Impuissants face à la maladie de leur proche, ils essaient de se rendre utiles. « Ne pouvant pas soigner leur proche malade, ils vont aller sur des terrains qu’ils peuvent s’approprier, le domestique, l’alimentation, estimant que c’est la bonne démarche, sans penser que cela peut être délétère. Pour le malade, continuer à accomplir certaines tâches lui permet d’évaluer ses capacités et d’en tirer des satisfactions. Il ne faut pas le déposséder de cela ».
Maintenir une communication ouverte est essentielle
Communiquer avant tout. « Il est préférable de soutenir la parole de l’autre plutôt que de parler à sa place. Il faut continuer à se dire ce qui ne va pas, à se comporter tel que l’on a l’habitude d’être et s’enrichir ou se délester de ce qui ne représente pas une priorité ».
Accepter les différences et apprendre ensemble avec ses propres possibilités et ses propres limites. « Il faut admettre que la part de l’autre soit différente de celle de soi. Il faut essayer de ne pas mettre l’autre en défaut, mais plutôt exprimer ses besoins, ce sera plus entendu que des reproches, que ce soit au sein du couple mais aussi sur des relations plus larges. »

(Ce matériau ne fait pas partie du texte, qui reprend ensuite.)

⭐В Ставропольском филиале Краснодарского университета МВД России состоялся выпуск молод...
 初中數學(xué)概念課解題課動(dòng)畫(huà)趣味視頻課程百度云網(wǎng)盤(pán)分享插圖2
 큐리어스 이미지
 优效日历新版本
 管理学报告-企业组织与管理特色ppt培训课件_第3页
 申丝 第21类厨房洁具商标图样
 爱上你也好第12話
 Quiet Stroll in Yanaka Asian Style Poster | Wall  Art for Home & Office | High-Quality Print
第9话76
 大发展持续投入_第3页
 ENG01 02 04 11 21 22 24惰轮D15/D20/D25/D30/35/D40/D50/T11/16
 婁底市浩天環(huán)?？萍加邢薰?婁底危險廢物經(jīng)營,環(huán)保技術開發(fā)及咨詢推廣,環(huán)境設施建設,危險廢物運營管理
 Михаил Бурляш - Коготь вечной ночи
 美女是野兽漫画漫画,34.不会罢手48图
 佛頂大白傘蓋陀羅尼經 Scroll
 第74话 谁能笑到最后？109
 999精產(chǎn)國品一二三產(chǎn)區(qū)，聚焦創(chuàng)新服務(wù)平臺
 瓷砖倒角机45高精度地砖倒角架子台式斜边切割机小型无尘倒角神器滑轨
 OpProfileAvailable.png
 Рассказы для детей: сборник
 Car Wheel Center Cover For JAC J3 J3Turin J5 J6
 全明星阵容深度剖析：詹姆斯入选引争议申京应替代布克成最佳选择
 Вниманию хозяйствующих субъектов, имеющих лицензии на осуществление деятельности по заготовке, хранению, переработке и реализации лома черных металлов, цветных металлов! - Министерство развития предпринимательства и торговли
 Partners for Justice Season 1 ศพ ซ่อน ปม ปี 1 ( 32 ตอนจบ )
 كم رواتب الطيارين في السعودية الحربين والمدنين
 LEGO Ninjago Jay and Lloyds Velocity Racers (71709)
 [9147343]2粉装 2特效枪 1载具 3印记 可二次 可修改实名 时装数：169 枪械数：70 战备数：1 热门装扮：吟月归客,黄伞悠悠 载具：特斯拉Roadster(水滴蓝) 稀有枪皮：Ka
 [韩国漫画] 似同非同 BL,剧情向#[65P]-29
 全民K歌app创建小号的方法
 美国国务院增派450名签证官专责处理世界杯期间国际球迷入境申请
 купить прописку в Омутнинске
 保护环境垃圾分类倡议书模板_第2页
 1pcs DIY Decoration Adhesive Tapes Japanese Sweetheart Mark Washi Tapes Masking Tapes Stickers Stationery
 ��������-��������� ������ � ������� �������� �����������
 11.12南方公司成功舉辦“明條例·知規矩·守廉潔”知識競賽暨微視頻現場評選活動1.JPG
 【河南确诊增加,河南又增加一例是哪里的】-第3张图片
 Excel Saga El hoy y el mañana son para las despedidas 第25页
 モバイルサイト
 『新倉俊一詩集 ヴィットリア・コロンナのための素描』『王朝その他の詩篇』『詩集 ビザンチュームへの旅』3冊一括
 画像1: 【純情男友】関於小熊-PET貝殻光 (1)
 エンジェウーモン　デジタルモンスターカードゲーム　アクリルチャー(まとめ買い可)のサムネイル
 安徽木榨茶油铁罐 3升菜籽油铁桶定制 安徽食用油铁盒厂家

Le soutien psychologique peut venir en aide aux malades et à leurs proches. « Tout le monde n’est pas ouvert à une démarche de soutien psychologique, mais l’entourage, les équipes de soignants, les associations, le fait de parler va permettre de trouver des solutions et ne pas avoir le sentiment de traverser cette épreuve seul ».
Pour en savoir plus
Un premier soutien psychologique est souvent proposé à l’hôpital ou à la clinique, lorsque des psycho-oncologues y sont présents. Des Centres Médico-Psychologiques (CMP) proches du domicile du patient proposent des consultations gratuites de psychologues et de psychiatres. Ces centres sont directement financés par l’assurance maladie.